Laurie Manfra, “Maarten Baas: Furniture Iconoclast,” American Craft, October/November 2007, pp. 52-53; Tom Dixon, et al., &Fork, New York, 2007, pp. 26-27; Adam Lindemann, Collecting Design, Cologne, 2010, the front cover and pp. 262-263
Catalogue Essay
Dutch designer Maarten Baas combines crude materials and bright surfaces to joyous effect. His lacquered “Clay” chairs, first exhibited at Milan’s Salone del Mobile in 2006, are a spirited departure from “Where There’s Smoke,” his dark nativity. Those earlier appropriated works, which Baas had scorched with acetylene, celebrated wrack and ruin. Touched by hand, not fire, “Clay” represents a reversal of sorts: Baas builds up rather than tears down a wide range of furniture — chairs, tables, beds. In close collaboration with Bas den Herder, his studio fabricator, Baas hand-models industrial clay around the metal skeleton of each piece. “I also am formed out of clay,” said Elihu to Job — an age-old metaphor. Baas enlivens skin and bones with one of eight standard lacquers. But beyond color and materials, nothing is standard. Each chair dances its own way.

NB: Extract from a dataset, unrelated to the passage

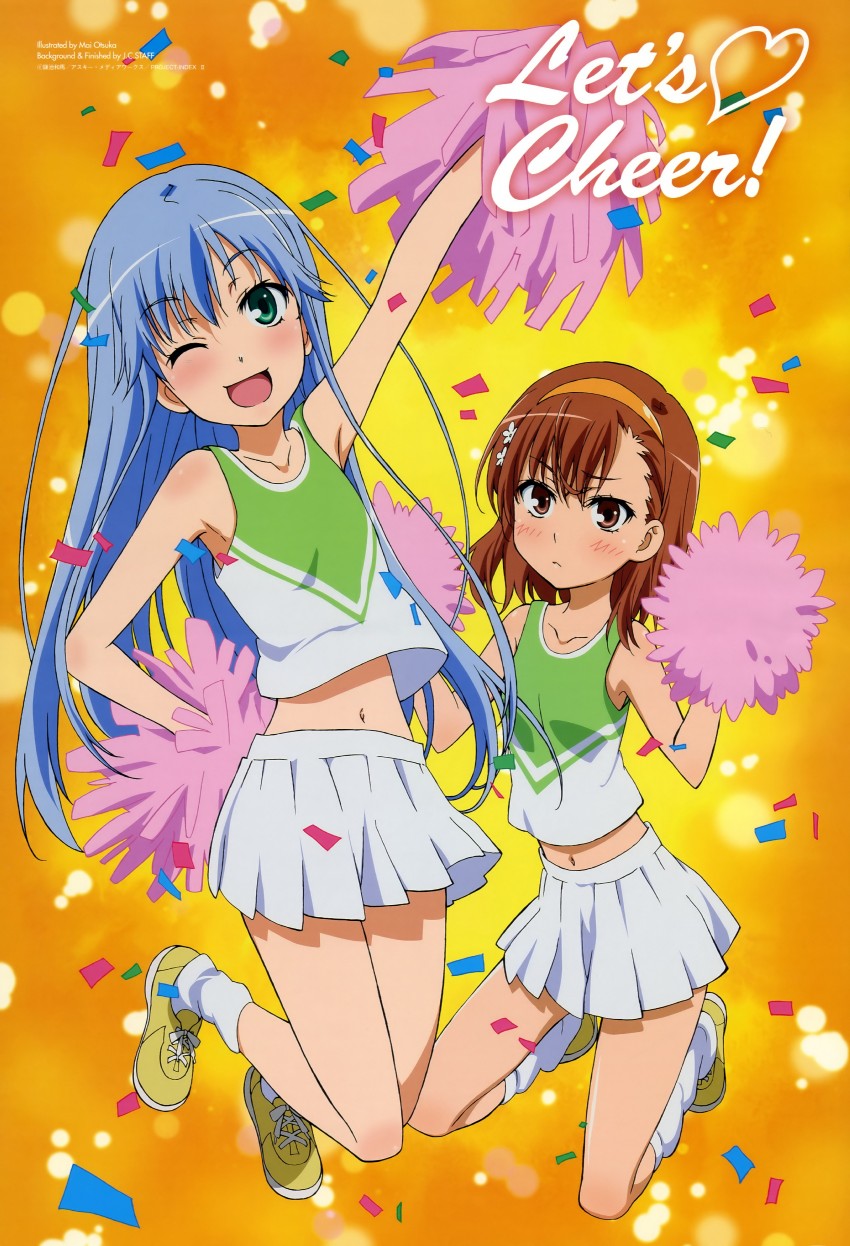 misaka mikoto and index (toaru majutsu no index and 2 more) drawn by ootsuka_mai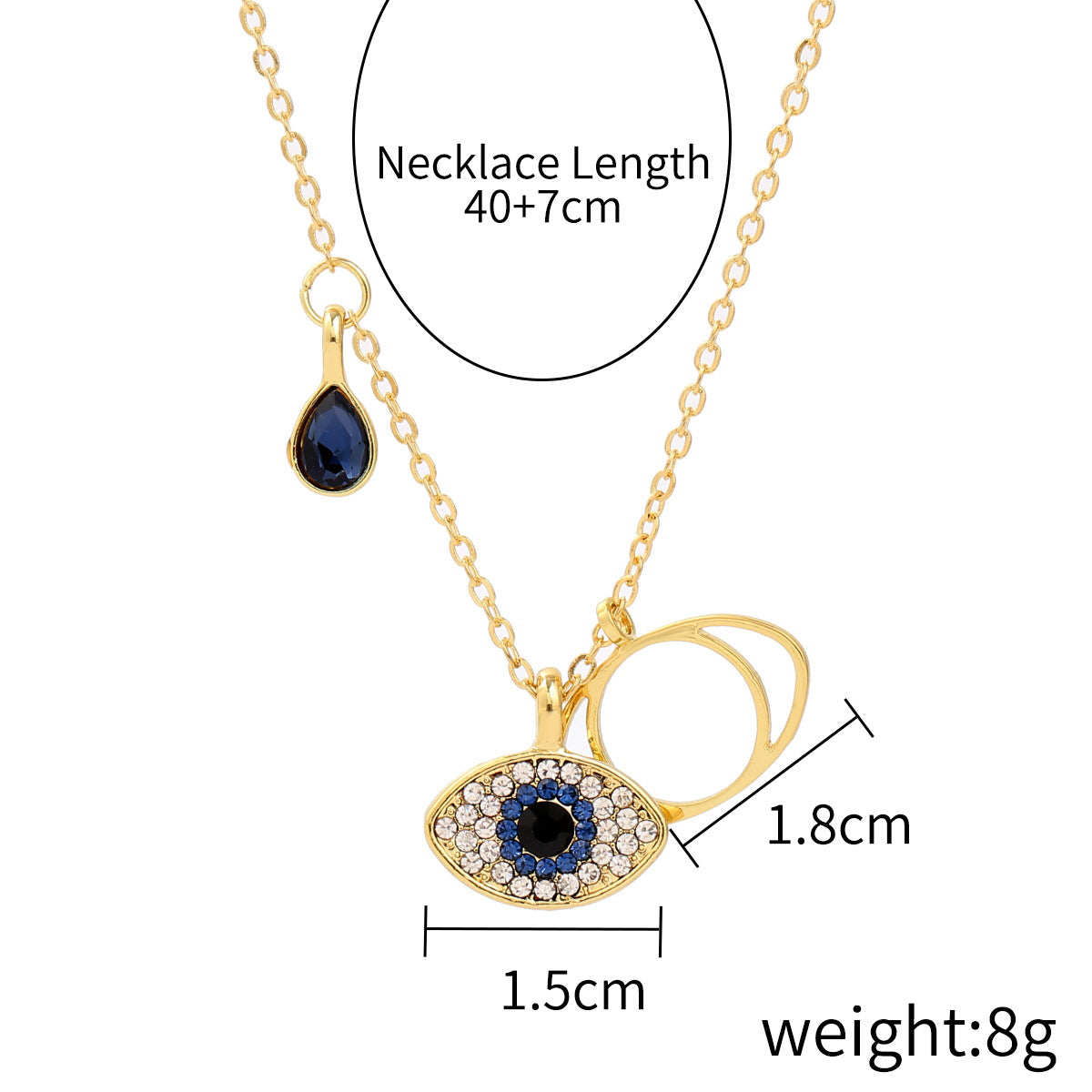 Wholesale Devil' s Eye Pendant Multi-Layer Necklace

2006-2007 Painted synthetic clay, metal. Tallest: 28 3/4 in. (73 cm.) high Handmade by Baas & den Herder, The Netherlands. Each chair back inset with metal lettering “BAAS,” the undersides of three signed in marker with “Maarten/februari ’07,” two with “Maarten/Septembre ‘06” and one with “June ‘0[obscured]/Maarten” (6).